Johnny Guitar is a 1954 American independent Western film directed by Nicholas Ray starring Joan Crawford and co-starring Sterling Hayden, Mercedes McCambridge, and Scott Brady, with
Ward Bond, Ernest Borgnine, John Carradine, Royal Dano and others in supporting roles. It was produced and distributed by Republic Pictures. The screenplay was adapted from a novel of the same name by Roy Chanslor.

In 2008, Johnny Guitar was selected for preservation in the United States National Film Registry by the Library of Congress as being "culturally, historically, or aesthetically significant".

The main theme of the film's score, composed by Victor Young, and title song, co-written and performed by Peggy Lee, is loosely based on the Spanish Dance No. 5: Andaluza by Enrique Granados. Written by Granados for Piano, though often performed on classical guitar, the piece is played by Joan Crawford's character (dubbed) seated at the saloon piano in one of the film's climactic scenes.

==Plot==
"Johnny Guitar" Logan arrives in a remote Arizona cattle town and heads to a saloon to see its owner, Vienna, a strong-willed woman and his former lover.
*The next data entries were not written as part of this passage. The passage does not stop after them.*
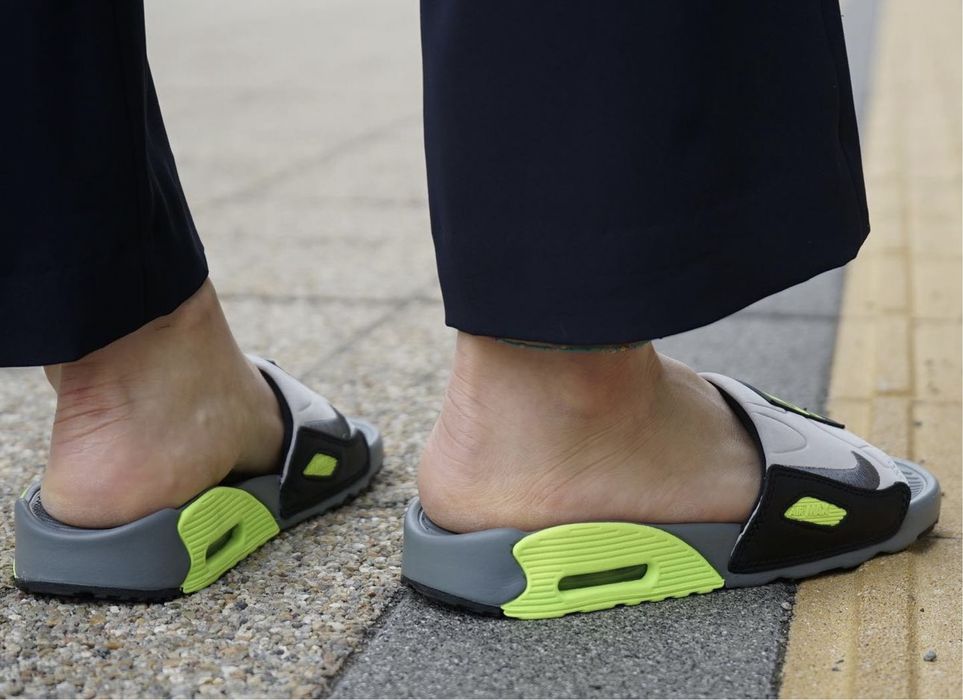 Nike Air Max 90 SLIDE розмір 40-45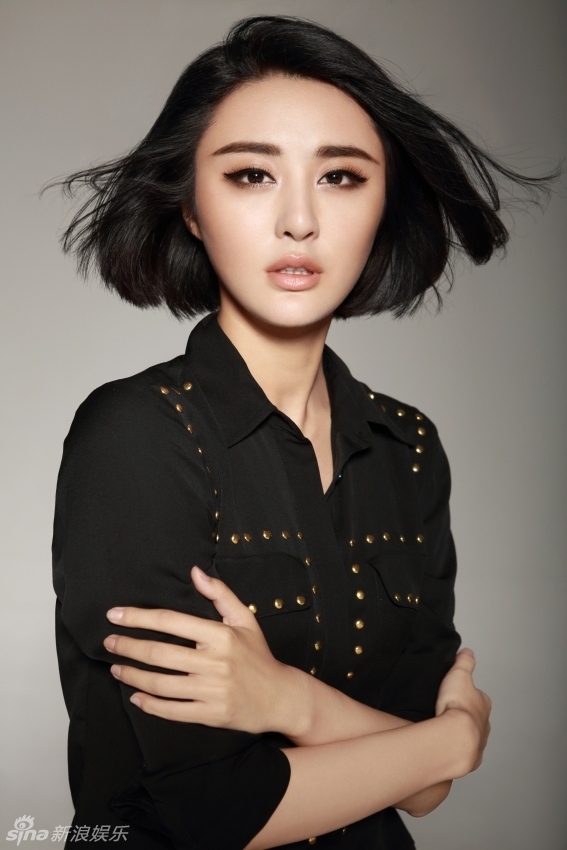 火凤凰甘露性感写真演绎百变俏丽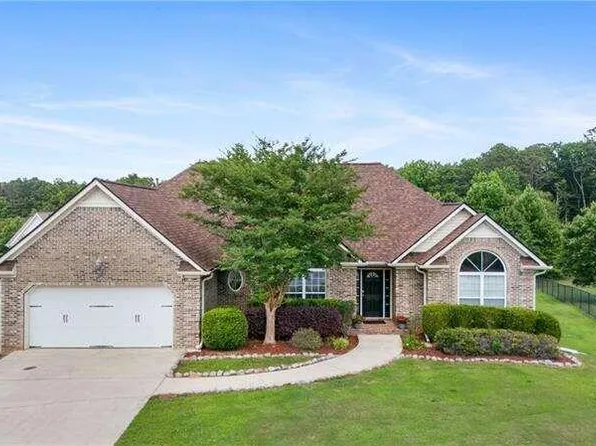 49 Roland Way, Douglasville, GA 30134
Shortly after his arrival, the town locals, who Vienna has a tense relationship with because of her support of a nearby railroad being built, confront her for her working relationship with the "Dancin' Kid" and his gang, who they have accused of robbing the town stagecoach and killing local Emma Small's brother. The Dancin' Kid is Vienna's former lover, while Emma desires the Dancin' Kid's affections and loathes Vienna because of this. Despite Emma's insistence that Vienna is helping the gang commit crimes, Johnny defends her, and local John McIvers gives him, Vienna, and the gang 24 hours to leave town.
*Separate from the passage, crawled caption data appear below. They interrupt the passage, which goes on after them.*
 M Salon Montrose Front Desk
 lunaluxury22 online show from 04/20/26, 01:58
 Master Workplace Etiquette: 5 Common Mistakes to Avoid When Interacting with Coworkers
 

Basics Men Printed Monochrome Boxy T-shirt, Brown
After facing off with the gang and drawing the ire of member Bart Lonergan, Johnny argues with Vienna about their five year separation brought on by his violent past as a gunslinger, and they eventually reconcile. They decide to leave town together and Vienna goes to the bank to close her account, but the gang arrives shortly after to rob it, giving Emma an excuse to accuse her of helping with the job. She spurs McIvers and marshal Williams to rally a posse and go after Vienna and Johnny, who are accidentally cut off by the railroad crew dynamiting nearby rock. While the gang flees to their hideout, young member "Turkey" Ralston is gravely injured in the blasts.

Vienna leaves Johnny when he suggests using violence against the posse, returning to the saloon to find her loyal hand Tom tending to Turkey. Tom convinces her to shelter the young man, but when the posse comes and she tries to talk them down, they find Turkey hiding under a table. Emma convinces the group to hang them both as she burns the saloon, while Tom is killed trying to defend them and Williams is accidentally killed by Tom. Turkey is hanged while Johnny saves Vienna and the two escape through a tunnel under the saloon, accidentally coming across the gang's hideout.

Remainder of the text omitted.